--- BRIEF ---
Copy task. Retype the whole listing exactly, omitting any picture in it.

--- DATA EXCERPT ---
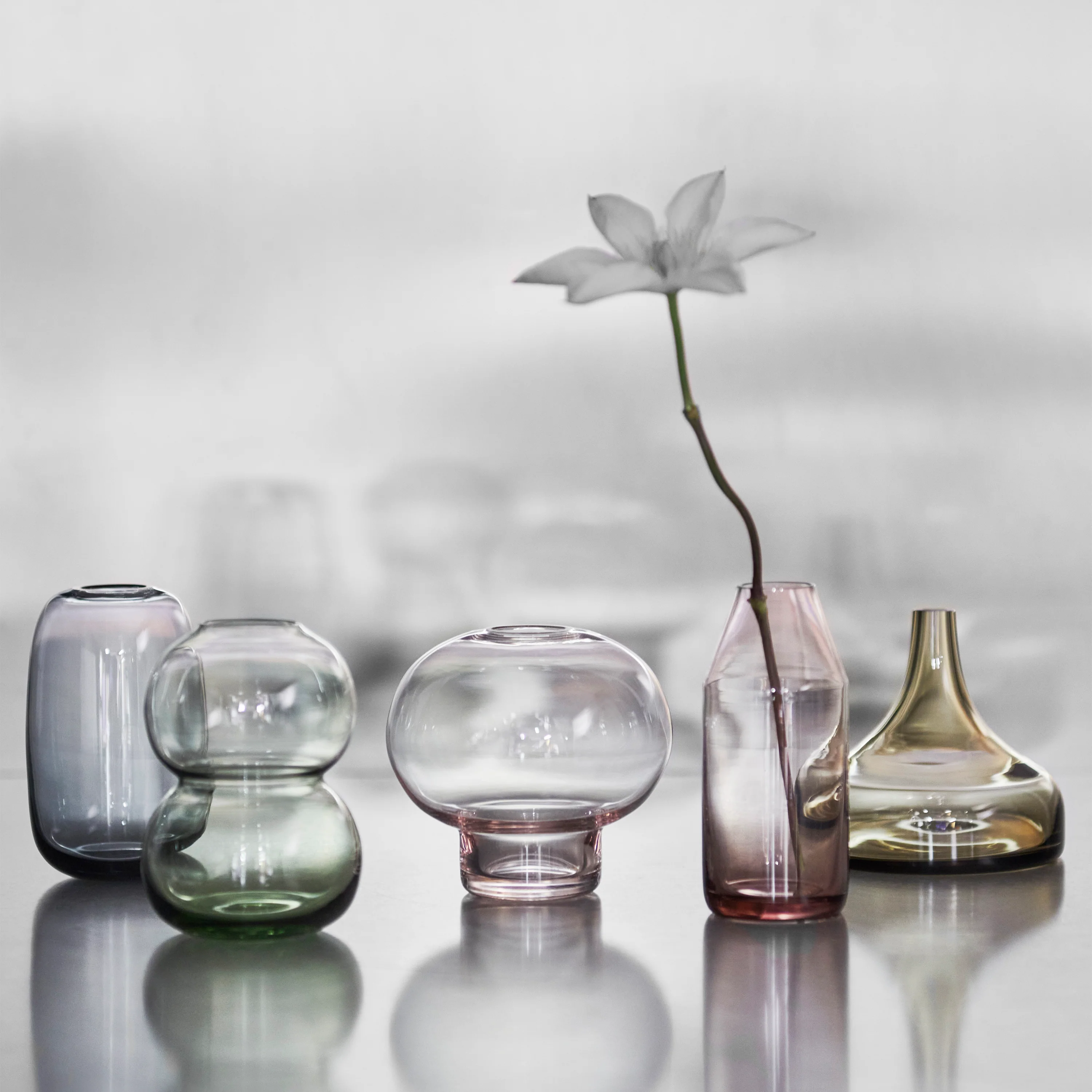Midsummer Mini Vase (Set of 7) - Image 7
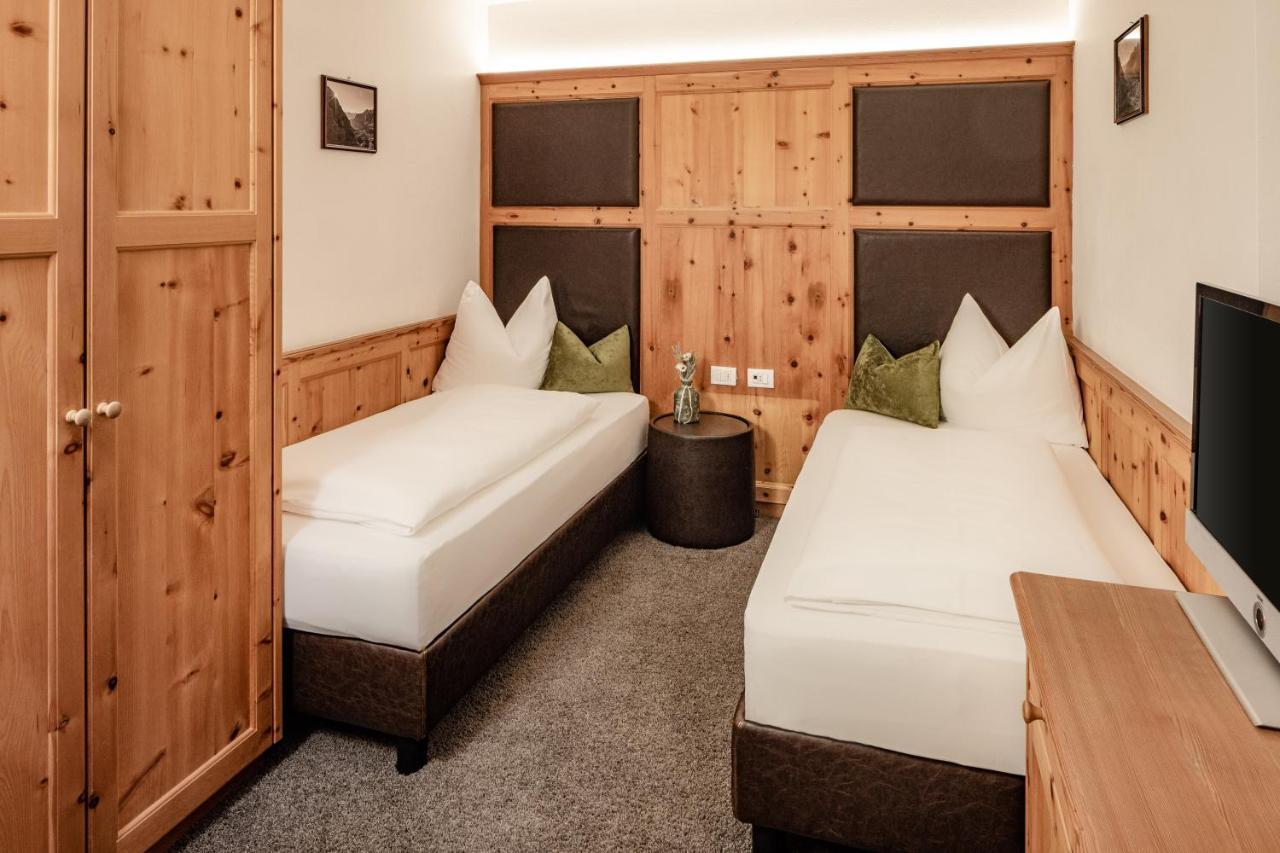 Boutique & Fashion Hotel Maciaconi - Gardenahotels Santa Cristina Val Gardena Экстерьер фото
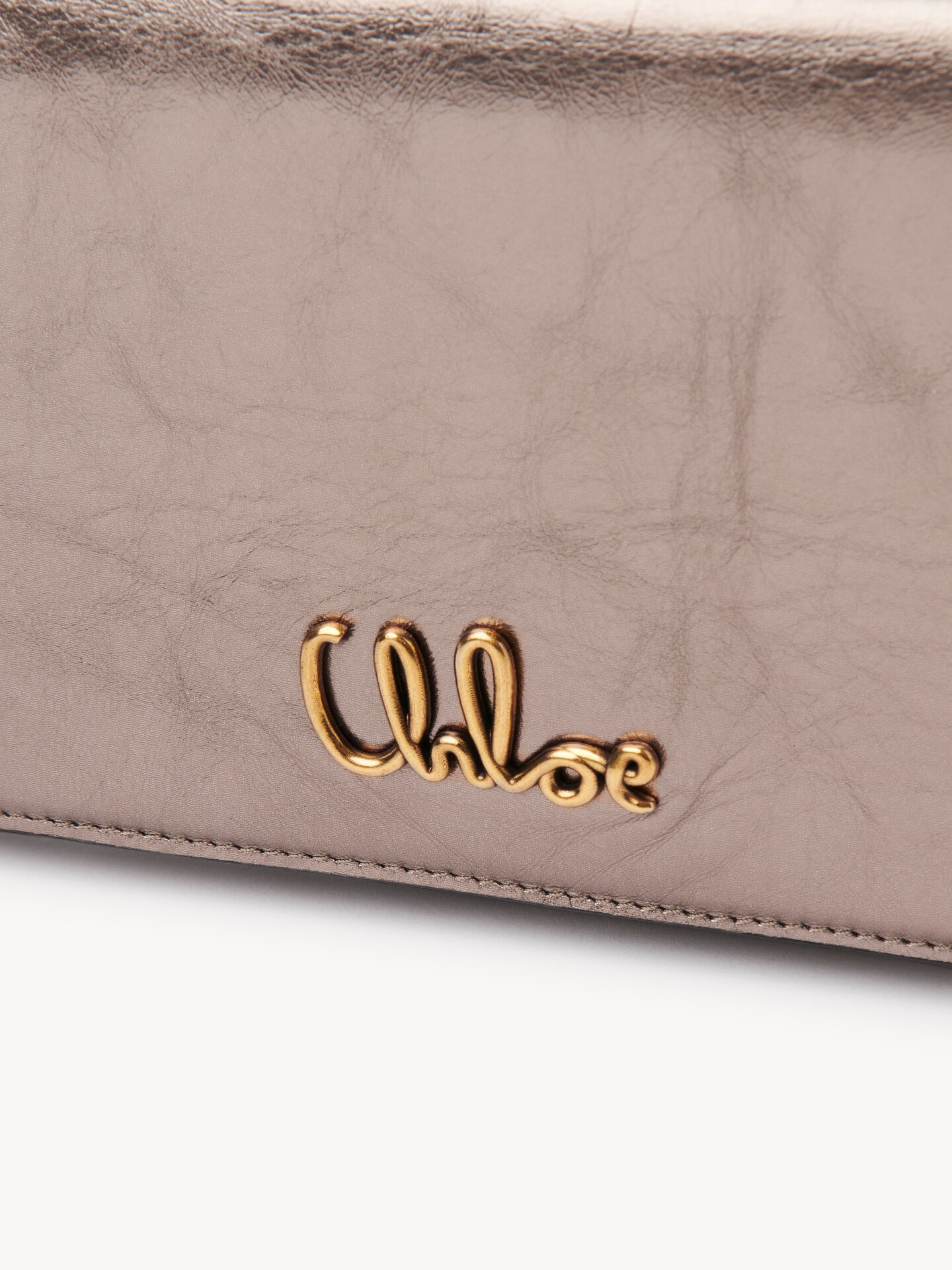 Chlo&eacute; Iconic flap wallet on chain in metallised leather - 8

--- FINISHED TASK ---
Midsummer Mini Vase (Set of 7) - Image 7
 Boutique & Fashion Hotel Maciaconi - Gardenahotels Santa Cristina Val Gardena Экстерьер фото
 Chlo&eacute; Iconic flap wallet on chain in metallised leather - 8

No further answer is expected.